Baumeister has conducted research on the self, focusing on various concepts related to how people perceive, act, and relate to their selves. Baumeister wrote a chapter titled, "The Self" in The Handbook of Social Psychology, and reviewed the research on self-esteem, concluding that the perceived importance of self-esteem is overrated.

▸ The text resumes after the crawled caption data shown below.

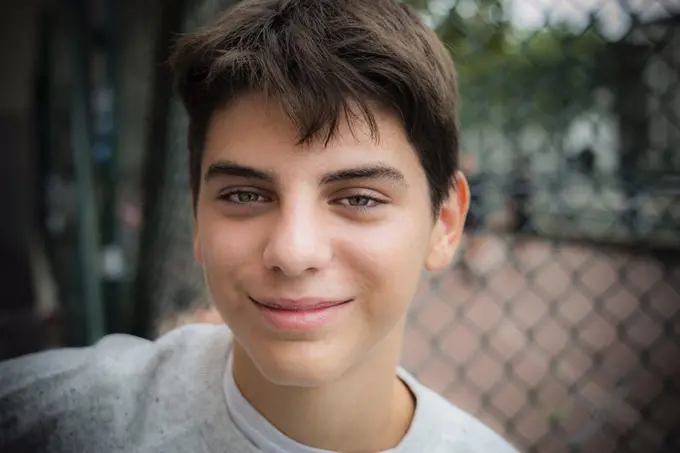 Close-up of smiling teenage boy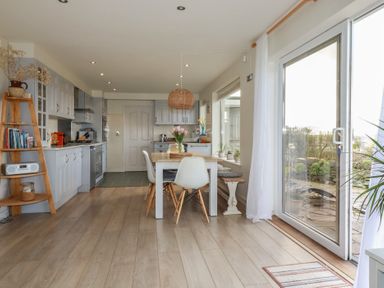A kitchen and dining area with a wooden table white chairs sliding glass door and wooden shelves at Coastmans Nest in Mawgan Porth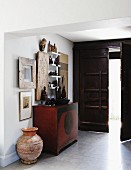 Entrance area with heavy, open front door and collection of statues and pictures; artistic terracotta vase on floor next to old, Chinese chest
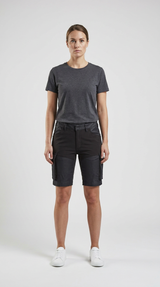 Kvinde i grå t-shirt og sorte cargoshorts stående mod en hvid baggrund.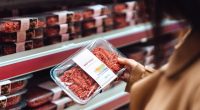 Above the shoulder view of woman holding a pack of beef mince in a supermarket. Standing in front of the meat product aisle and have no idea which product to choose from. The Conscious Carnivore - find meat that is locally-sourced, healthy, high quality butchering, and handled with respect. The environmentally conscious way to choosing food.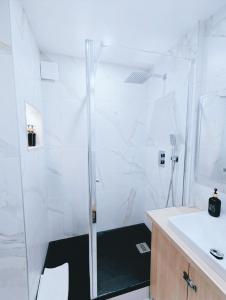 a white bathroom with a shower and a sink at Ocean Bleu Toulouse in Toulouse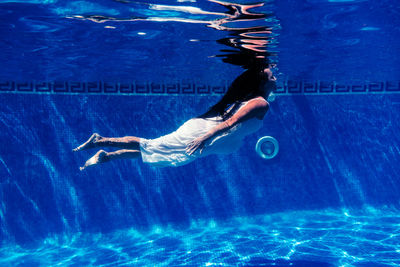 Man swimming in pool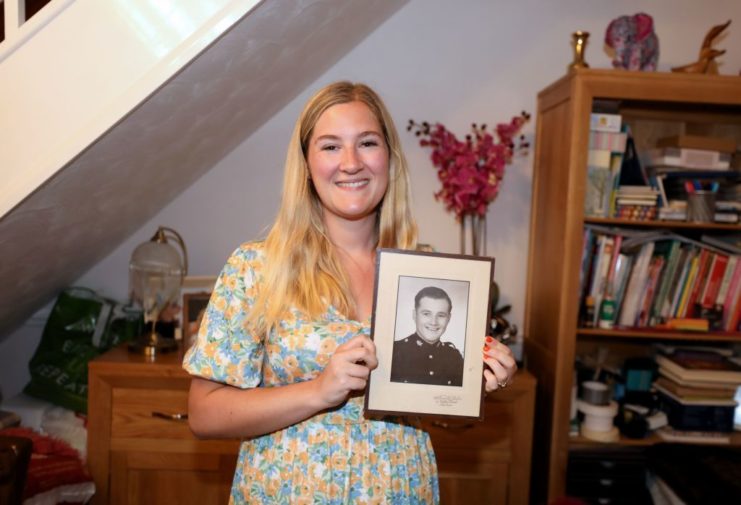 Female relative of Dennis Morley holding up his military portrait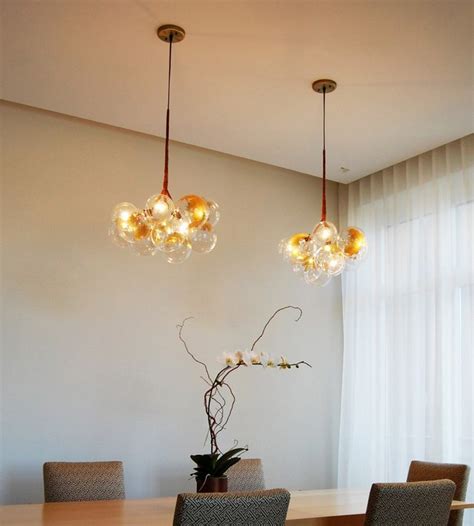 15 mid-century modern brass chandeliers for a contract ...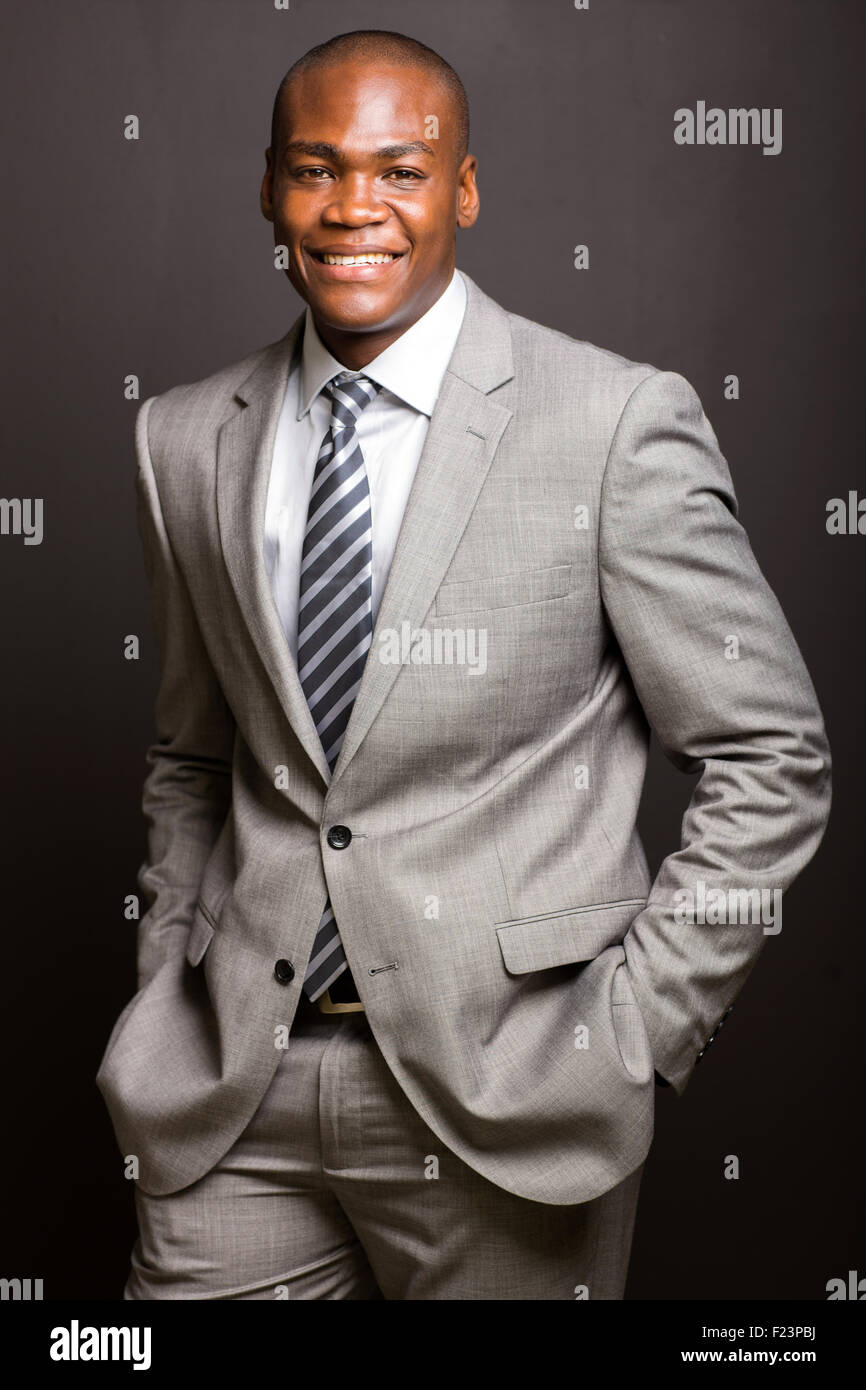 Buona ricerca Afro American businessman in posa su sfondo nero Foto Stock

Irrationality and self-defeating behavior
In a series of journal articles and books, Baumeister inquired about the reasons for self-defeating behavior. His conclusions: there is no self-defeating urge (as some have thought). Rather, self-defeating behavior is either a result of trade-offs (enjoying drugs now at the expense of the future), backfiring strategies (eating a snack to reduce stress only to feel more stressed), or a psychological strategy to escape the self – where various self-defeating strategies are rather directed to relieve the burden of selfhood.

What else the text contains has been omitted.